Why KYD Matters
In my previous post, there was a chart that shows the extent to which a relatively small number of name-models predominate in OFAC SDN data. My ultimate purpose in providing that graphic was two-fold:
- To show that reliance on mediocre, Anglo-centric name-screening techniques such as SOUNDEX and Jaro-Winkler has a broadly negative impact for the quality of matching results, especially with respect to search recall.
- To exemplify ways in which better knowledge of the OFAC SDN names themselves can help financial institutions determine whether or not the name-screening techniques and products they now use are adequate for the task at hand, and thus an arguably adequate basis for achievement of due-diligence.

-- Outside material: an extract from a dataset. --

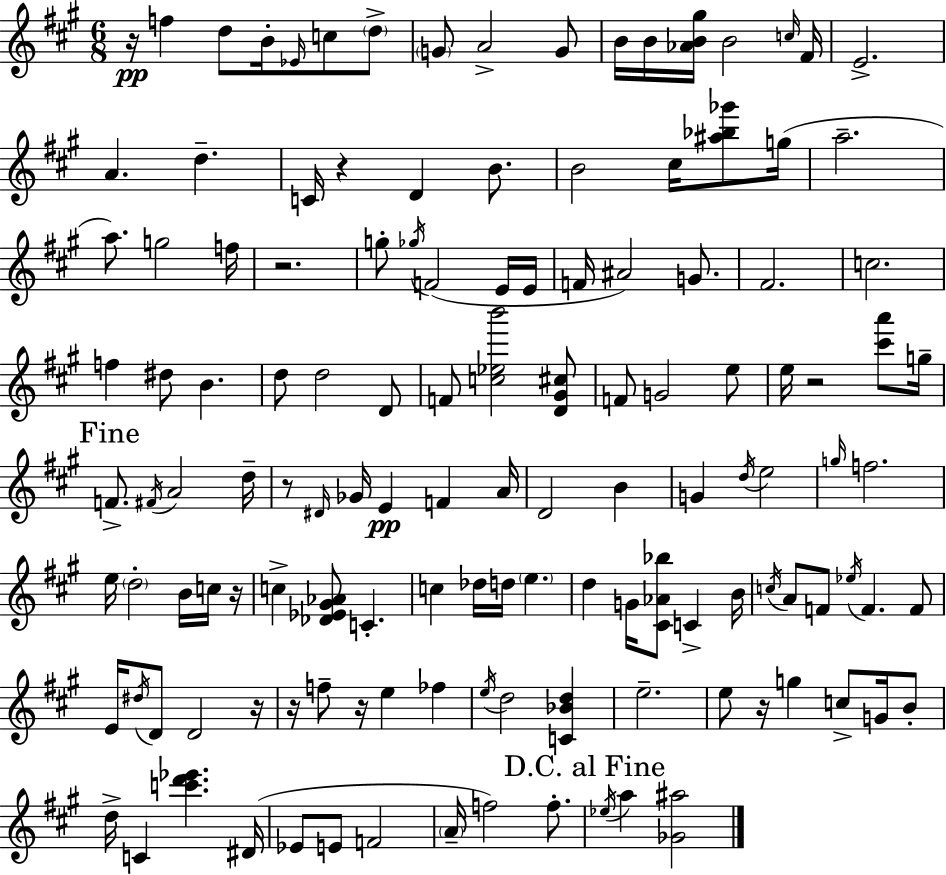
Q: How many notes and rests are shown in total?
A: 131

The pie-chart diagram shows that names following the Hispanic and Islamic name-models, taken together, cover almost three-fourths of the OFAC SDN list, followed distantly by Slavic and “Other” (a grab-bag of mostly Anglo names, along with smatterings of names from other languages/cultures, as well as names that were either too hard to classify or names that showed potential evidence of multiple name-models).
Thus, it’s fairly easy to realize that whatever technology you’re using to do your OFAC name-clearance had better be good — make that really good — at anticipating the kinds of problems that are commonly observed with Hispanic and Islamic names. In this post, I’ll present a few well-known patterns of variation uniquely associated with names from the Hispanophone (Spanish-speaking) world.

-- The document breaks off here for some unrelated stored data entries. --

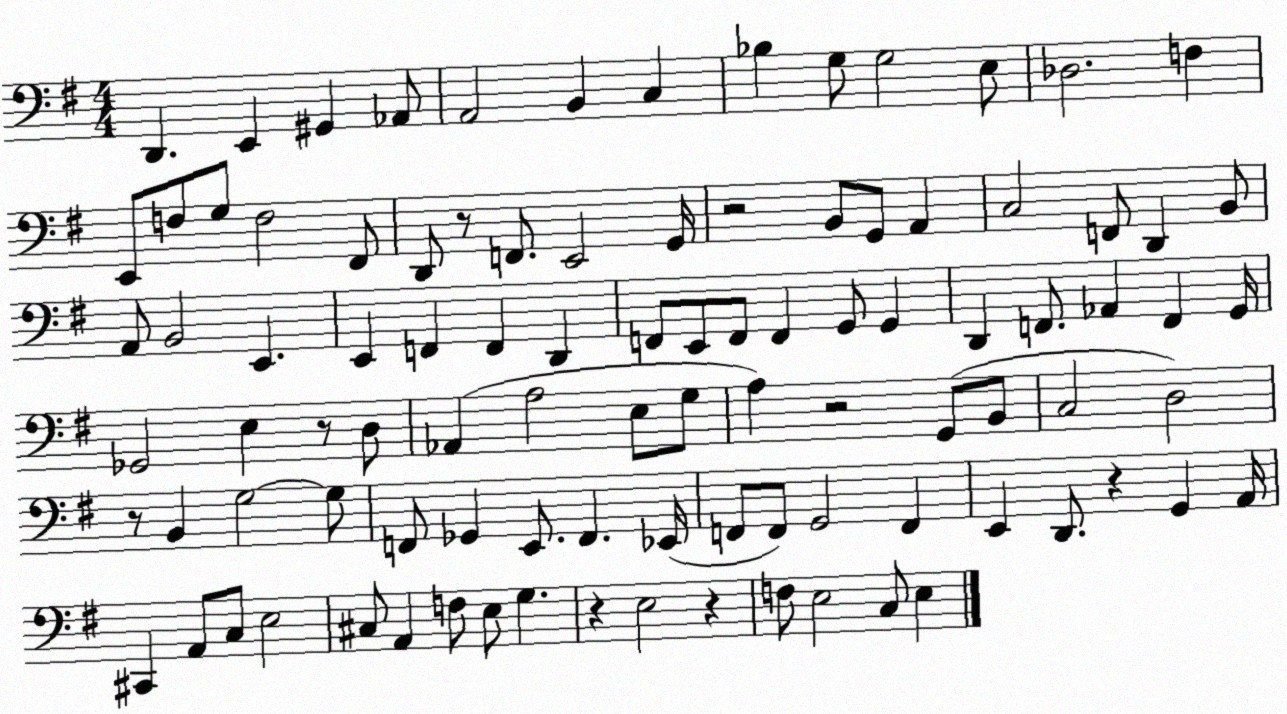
X:1
T:Untitled
M:4/4
L:1/4
K:G
D,, E,, ^G,, _A,,/2 A,,2 B,, C, _B, G,/2 G,2 E,/2 _D,2 F, E,,/2 F,/2 G,/2 F,2 ^F,,/2 D,,/2 z/2 F,,/2 E,,2 G,,/4 z2 B,,/2 G,,/2 A,, C,2 F,,/2 D,, B,,/2 A,,/2 B,,2 E,, E,, F,, F,, D,, F,,/2 E,,/2 F,,/2 F,, G,,/2 G,, D,, F,,/2 _A,, F,, G,,/4 _G,,2 E, z/2 D,/2 _A,, A,2 E,/2 G,/2 A, z2 G,,/2 B,,/2 C,2 D,2 z/2 B,, G,2 G,/2 F,,/2 _G,, E,,/2 F,, _E,,/4 F,,/2 F,,/2 G,,2 F,, E,, D,,/2 z G,, A,,/4 ^C,, A,,/2 C,/2 E,2 ^C,/2 A,, F,/2 E,/2 G, z E,2 z F,/2 E,2 C,/2 E,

[For a more complete discussion of the issues with Hispanic, Islamic, Korean, and Russian names, download our white paper on Improved OFAC Name Screening.]
Dealing With Hispanic Names
Before I begin, a disclaimer. Not every personal name in every Hispanophone country exemplifies these patterns, so (as the IT guys love to say):YMMV. But the patterns presented here are more than prominent enough, once you start looking at large collections of Hispanic names from the most populous Hispanophone countries. These patterns count as factual, in the same way that “The average American family has 3.13 members.” (or it did in 2014, anyway) is true, even if it is impossible to produce even a single American family that has that many members in it.
In my experience, the biggest problem that Anglocentric name-screening systems encounter when handling personal names of Hispanic origin is posed by the widespread use of compound (multiple) surnames in most Hispanophone countries (Argentina generally being something of an exception, at least these days).
What this means, first off, is that the “last” name is not really or entirely the last name (or surname, as I prefer to call it). If your system uses a mechanical way to select the surname when confronted with a fairly common name like Maria Ana Torres Gomez, you’re already in trouble, because you’ve lopped off half the surname by taking just rightmost (i.e., “last”) piece of it.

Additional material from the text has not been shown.